CTE Structure Visualization

CTE Execution Flow:

WITH cte1 AS (
    -- First CTE definition
    SELECT ... FROM table1
),
cte2 AS (
    -- Second CTE can reference cte1
    SELECT ... FROM cte1 JOIN table2
),
cte3 AS (
    -- Third CTE can reference previous CTEs
    SELECT ... FROM cte2 WHERE ...
)
-- Main query using all CTEs
SELECT * FROM cte3 ORDER BY ...;

Key Points:
1. CTEs are defined in the order they're written
2. Later CTEs can reference earlier ones
3. Main query can reference any CTE
4. CTEs exist only for the duration of the query

Query Type	Best For	Performance
Scalar Subquery	Single value comparisons	Good for small datasets
Correlated Subquery	Row-by-row processing	Can be slow for large data
CTE	Complex multi-step queries	Optimized by database
Derived Table	Simple temp results	Similar to CTE

09. ✏️ Data Modification Operations

Data modification statements (INSERT, UPDATE, DELETE) change the data in your database.

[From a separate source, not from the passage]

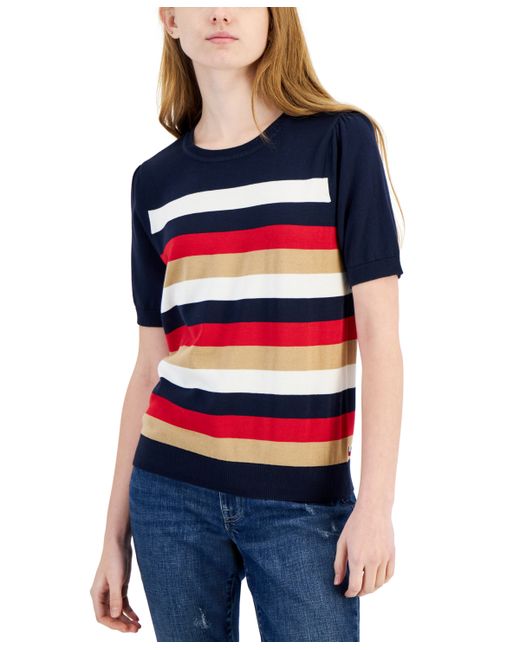 Tommy Hilfiger Striped Short-Sleeve Sweater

These operations should be used carefully, especially in production environments.

ACID Properties

Database transactions should maintain:
Atomicity: All or nothing execution
Consistency: Valid state before and after
Isolation: Concurrent transactions don't interfere
Durability: Committed changes persist

Data Modification Operations

INSERT: Add new rows to tables
UPDATE: Modify existing rows
DELETE: Remove rows from tables
MERGE/UPSERT: Insert or update based on condition
TRUNCATE: Remove all rows quickly

Key Concept: Always use transactions (BEGIN/COMMIT/ROLLBACK) when modifying data. Test with SELECT first, use WHERE clauses carefully, and backup before major changes.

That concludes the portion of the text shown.